#### WHAT TO PRODUCE
Output every record word for word, minus the pictures.

BEGIN ENTRIES SUPPLIED

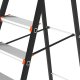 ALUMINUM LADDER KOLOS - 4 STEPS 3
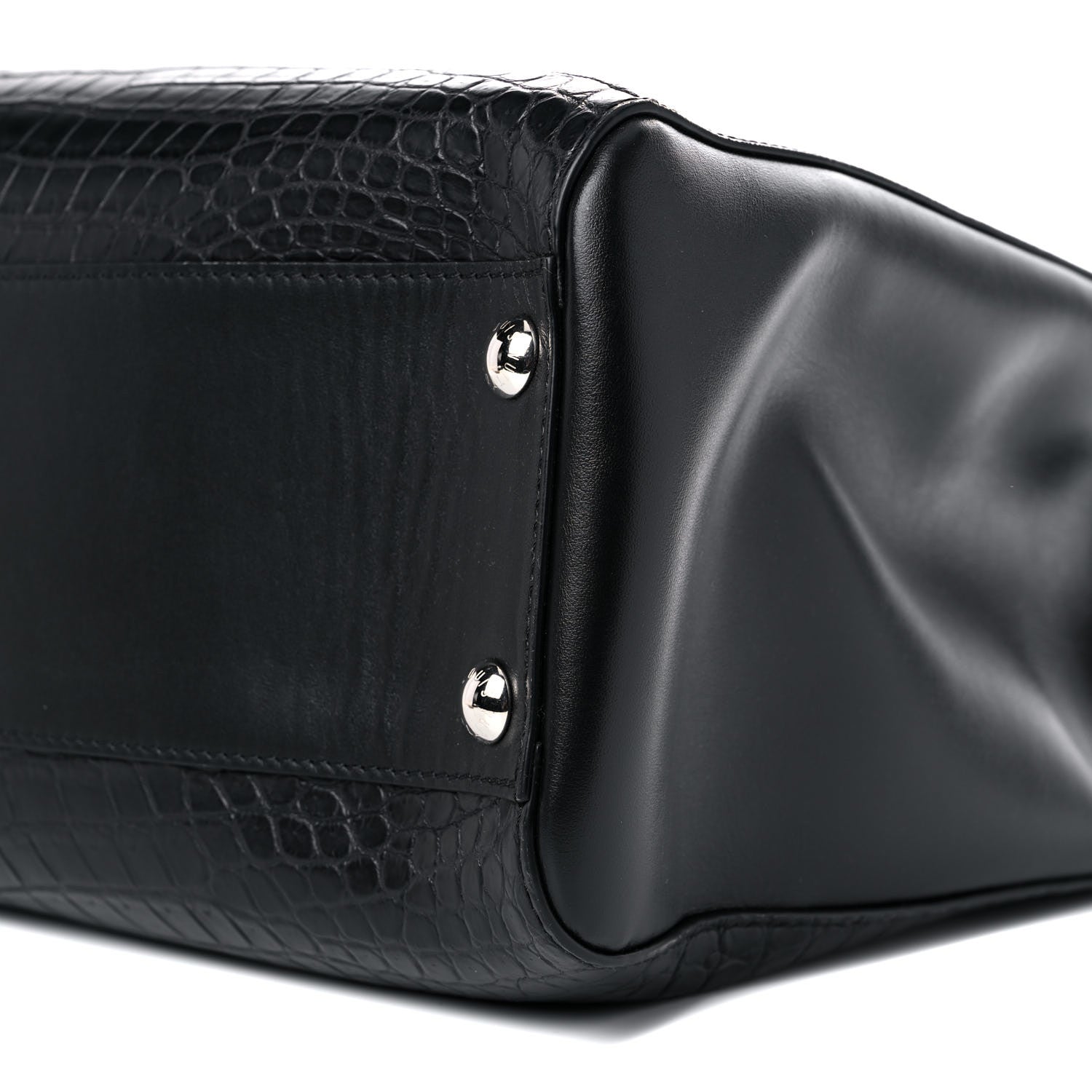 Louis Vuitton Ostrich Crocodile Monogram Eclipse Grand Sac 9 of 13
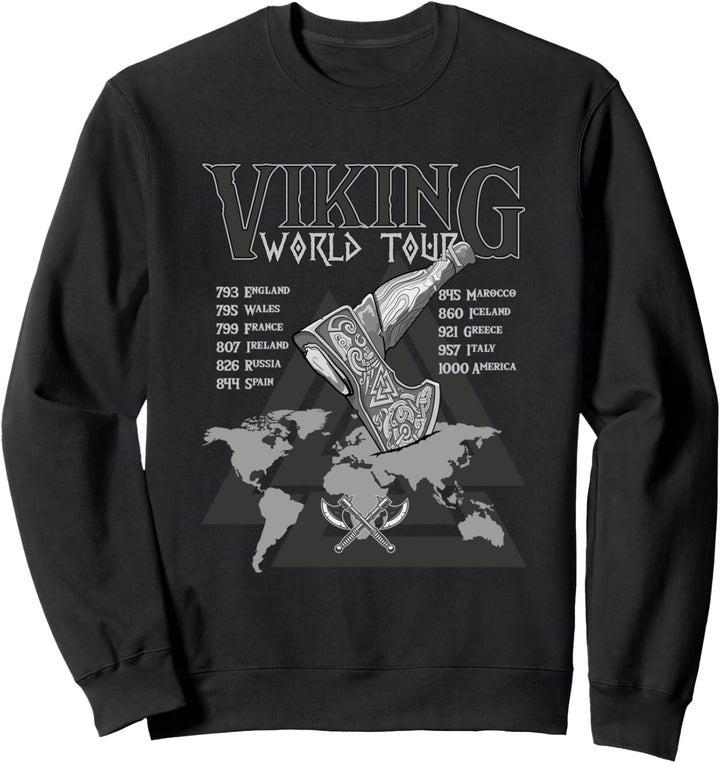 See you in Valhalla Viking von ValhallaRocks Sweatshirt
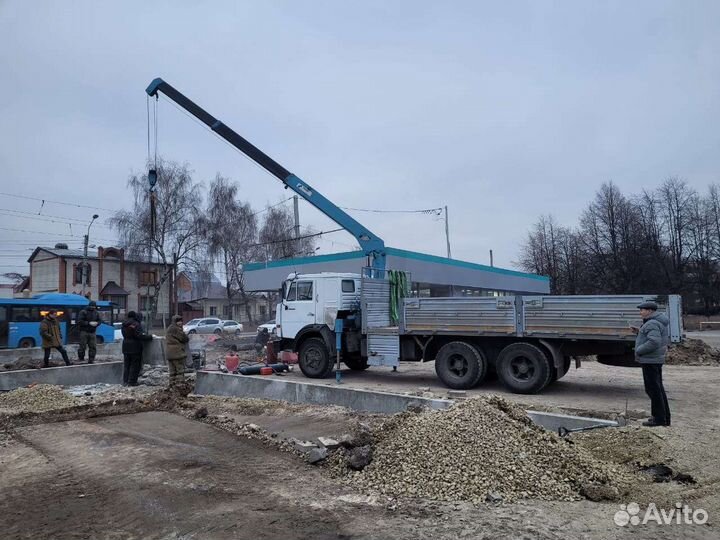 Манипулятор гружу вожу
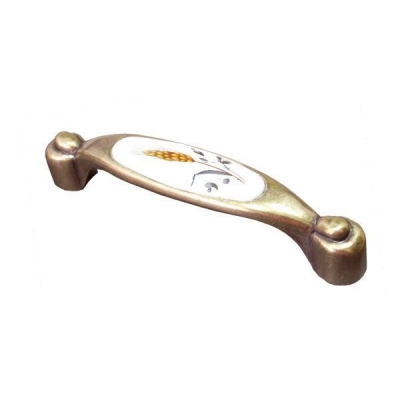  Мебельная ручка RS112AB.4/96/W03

END ENTRIES SUPPLIED

#### ANSWER SPACE
 ALUMINUM LADDER KOLOS - 4 STEPS 3
 Louis Vuitton Ostrich Crocodile Monogram Eclipse Grand Sac 9 of 13
 See you in Valhalla Viking von ValhallaRocks Sweatshirt
 Манипулятор гружу вожу
  Мебельная ручка RS112AB.4/96/W03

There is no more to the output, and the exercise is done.